O primeiro deles é: sendo os seres humanos iguais, então eles podem concluir as mesmas coisas a respeito de sua relação com a natureza universal, e, por conseguinte, inferir códigos semelhantes de ética e conduta, mesmo que em épocas diferentes da história de cada um.

Este questionamento é importante. Como disse o pensador chinês W. T. Chan[7], o Ocidente muito pouco conhece do pensamento oriental para saber o que a Ásia produziu em termos de conceituação teórica, cultura, saber, etc. isso nos remete a possibilidade dos orientais já terem concluído pontos semelhantes aos que fundamentam o código dos direitos humanos bem antes dos europeus - e mesmo assim, terminaram por elaborar sistemas lógicos completamente diferentes daqueles que conhecemos.

Podemos citar como exemplos alguns trechos do pensamento oriental clássico para exemplificarmos esta idéia.

Em primeiro lugar, haveria uma única realidade da qual todos derivamos. Este axioma não se baseia em nenhum sistema complexo de criação (A Índia possuía vários mitos criadores, em contraposição a China, uma das poucas, ou talvez única, que não possuía nenhum, tendo absorvido ou criado alguns apenas em períodos tardios[8]) mas sim, no fato de que a única realidade presente e observável é a da natureza, onde tudo é mutável, e nada escapa ao ciclo de nascimento, vida e destruição. Todo e qualquer ser está inserido neste sistema. Tal lógica já aparece em escritos antigos da China tal como o Yi Jing[9] ou mesmo na Índia, através dos Upanishads[10], situados em torno do período dos séculos IX - VIII a.C.

O Taoísmo chinês lidou com esta com esta perspectiva de modo brilhante e singular. Lao zi[11] teria deixado claro, no seu Dao De Jing[12], que todos os seres provém de uma única fonte, e por isso são iguais perante a natureza. No entanto, tal como a mesma natureza os diferenciou segundo sua vontade, cada ser tem uma particularidade específica. Isso não torna um ser mais importante que outro, mas apenas varia a função de cada um em relação ao cosmo, ponto que Zhuang Zi[13] destacaria em uma de suas fábulas.

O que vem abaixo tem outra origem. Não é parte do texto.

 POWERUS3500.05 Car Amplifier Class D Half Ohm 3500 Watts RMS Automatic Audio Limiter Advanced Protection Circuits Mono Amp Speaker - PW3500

Se isso já não bastasse para provar que os chineses antigos podiam pensar em igualdade (mesmo que essa igualdade tornasse os seres diferentes), alguns outros autores defenderam a idéia de uma paridade total entre os seres. Mozi[14], por exemplo, acreditava num mundo sem escravos nem senhores. Todos seriam literalmente iguais, numa sociedade ideal de caráter comunal, pacífica e religiosa. E isso Mozi concluiu tendo por base os conflitos de sua época e uma noção bem específica de Natureza e de Céu (Tien), o que em muito o diferenciava dos franceses cristãos do século XVIII.

Mas foi Confúcio que deu um nó na cabeça de muitos missionários católicos e protestantes que foram até a China. Criador de um sistema filosófico que defendia a importância do ensino, da cultura e do respeito mútuo[15], este grande pensador do século VI a.C. crivou sentenças que fazem pasmar os indivíduos mais céticos, tais como: “não faça aos outros o que não queres que lhe façam”[16]; “ame a todos, sem distinção”[17]. Como se não bastasse, este partidário da educação pública defendia que todos tivessem acesso aos saberes, o que possibilitaria uma sociedade igualitária: “numa sociedade instruída, não existem diferenças entre os seres”[18] e também “sem princípios comuns, é inútil discutir”[19].

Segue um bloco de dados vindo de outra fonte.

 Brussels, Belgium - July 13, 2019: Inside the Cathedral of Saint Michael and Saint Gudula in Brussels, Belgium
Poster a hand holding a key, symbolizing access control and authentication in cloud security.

O caso indiano também não fica distante: se analisarmos os primeiros escritos relacionados ao Budismo[20], veremos que a igualdade e a fraternidade eram uma constante nos discursos dessa religião - filosofia, sendo que o mesmo ocorria no Jainismo de Mahavira[21]. Em compensação, os hinduístas tradicionais acreditavam que a desigualdade social era justamente um fator natural, derivado dos momentos de criação e pautados num critério reencarnacionista[22].

Esta clivagem nos remete a um segundo questionamento mais amplo: será difícil crermos que estes autores antiqüíssimos, colhidos a título de ilustração, não teriam postulado uma proposta de igualdade universalista? E por isso mesmo, por que suas idéias nos parecem tão estranhas? Porque suas conclusões são tão diferentes? Porque elas sofreram a ação do tempo e também foram deformadas em suas raízes?[23]

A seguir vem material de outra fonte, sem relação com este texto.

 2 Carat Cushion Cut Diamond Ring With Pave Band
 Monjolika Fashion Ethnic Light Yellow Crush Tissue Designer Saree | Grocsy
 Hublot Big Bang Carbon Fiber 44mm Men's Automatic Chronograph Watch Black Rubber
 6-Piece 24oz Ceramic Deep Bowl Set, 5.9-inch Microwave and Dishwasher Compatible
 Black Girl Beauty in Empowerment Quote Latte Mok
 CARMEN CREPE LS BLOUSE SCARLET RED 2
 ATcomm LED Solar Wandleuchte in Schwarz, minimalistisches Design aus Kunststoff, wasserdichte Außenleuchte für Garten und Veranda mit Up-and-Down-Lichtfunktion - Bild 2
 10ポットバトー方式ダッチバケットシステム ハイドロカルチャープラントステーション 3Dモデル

A resposta parece residir numa questão muito simples, mas que deve ser revista de forma mais profunda; a questão da Cultura. Parece óbvio que nos remetamos a esta idéia para explicar as diferenças de perspectiva que os orientais possuem em relação às noções de igualdade entre os seres, mas até então, temos tido a expectativa de que, mesmo sendo diferentes de nós, eles poderiam entender e absorver a nossa proposta de direitos humanos porque ela seria melhor para todos.

O potencial de atrito que reside neste posicionamento está pautado na estruturação dos sistemas sociais orientais que, com muita dificuldade (ou com extrema ingenuidade) costumamos a analisar e aceitar (quando aceitamos)[24]. Tomemos como exemplo a noção de individualismo ocidental em contraposição ao forte senso gregário dos chineses e indianos: enquanto na primeira noção a afirmação do indivíduo sobre a sociedade é uma meta primordial, na segunda, a vinculação do individuo com a família é o fator determinante de sua formação moral e social. Logo, no Ocidente a questão da Liberdade é tratada numa tendência egoística e antropocêntrica concentrada do indivíduo, mas, na Ásia, a restrição íntima do individualismo é considerada a base desta mesma liberdade social, através do equilíbrio comunitário[25].

Isso não quer dizer que a mentalidade oriental é pior, ou melhor, do que a ocidental. Até recentemente as famílias tradicionais das Américas e da Europa também influenciavam a vida de suas comunidades através das restrições matrimonias, do monopólio do poder sobre os filhos, etc. Igualmente, os orientais tiveram suas experiências libertarias e individualistas. O que caracteriza a diferenciação atual é o fato do discurso ocidental se entender como o mais adequado para a resolução deste impasses, o que gera ainda mais atritos entre estas ditas concepções “modernas” (ocidentais) e “conservadoras” (orientais).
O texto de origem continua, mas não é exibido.